Public transit could not be more simple, with buses on the corners of Park Ave., St. Urban, St. Laurent and Mont-Royal. The Mont-Royal metro station is a short bus ride or 10-minute walk away.

All in all, this condo has everything an urban sophisticate could want - including a little oasis of green when it is time to retreat from the hubbub of Montreal's most vibrant neighborhood.

Call or text me to arrange a visit. Or check the listing on my website: marylamey.com




Monday, June 30, 2014

Making Space Count

I visited a condo on the top floor of a Plateau triplex with a client today. It was a fascinating experience. The condo was a good 1,100 square feet of living space, not at all shabby by Plateau standards. It had good light, two good balconies and up to date plumbing, electrical and a new roof.

And yet...

There was something definitely off about this particular condo. The space was weirdly used. The owner, who had lived there for 25 years, had converted it from a three-bedroom into a two-bedroom but she'd done it in such a way that the place seemed cramped.

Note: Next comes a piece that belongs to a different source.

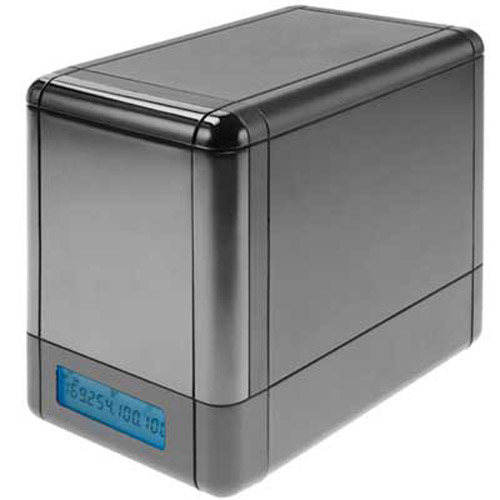 Quad HDD Gigabit NAS Server 4x SATA2 USB 2.0 MAC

How do you knock out a bedroom and make a place feel smaller?

The owner, une dame d'un certain age, was European and she'd done some peculiar things to the place, like adding a sauna where part of the south-facing kitchen should have been. Instead of a nice eat-in kitchen with windows on two sides, she had a  narrow galley kitchen. Oh yeah, there was no oven. Correction, there was an oven, the kind that is usually set into the wall, but it was sitting on the floor and was being used as a makeshift table, with a tablecloth draped over it.

Instead of yer basic Whirpool or Kenmore, she had a Super Wave Oven, a gizmo that looked like a popcorn popper or inverted crockpot. You will be surprised to learn that it is sold on TV and in the kind of catalog you find on long-haul international flights. Check out the video:



She assured us that she could cook an entire meal for a dinner party without a stove or oven. I was skeptical. More to the point, buyers are skeptical, too. Her condo has been on and off the market for three years. That tells me I'm not the only visitor who found the space weird and poorly concieved.

Sunday, January 19, 2014

Semi-subterranean Homesick Blues

 Montreal's Plateau Mont-Royal borough has implemented new rules that will sharply curtail the construction of semi-basement or "garden-level" condominiums. 

For the purposes of the bylaw, a garden-level condo is one in which 60 per cent of the living space is located below the level of the sidewalk. This housing type made huge inroads during the go-go construction boom that began in the late 1990s, as builders sought to maximize the number of units they could cram into their buildings while still respecting height limitations.

 In the Plateau, for example, that often meant that buildings could not be taller than the area's triplexes. One strategy might be to build a half storey below the ground, and three stories up, still within the height restriction and conveniently less than four floors.  Another benefit of building fewer than four stories and yet more than three was that Quebec's building code states that buildings with three floors can be built of wood frame, while those measure more than four must be made of poured concrete.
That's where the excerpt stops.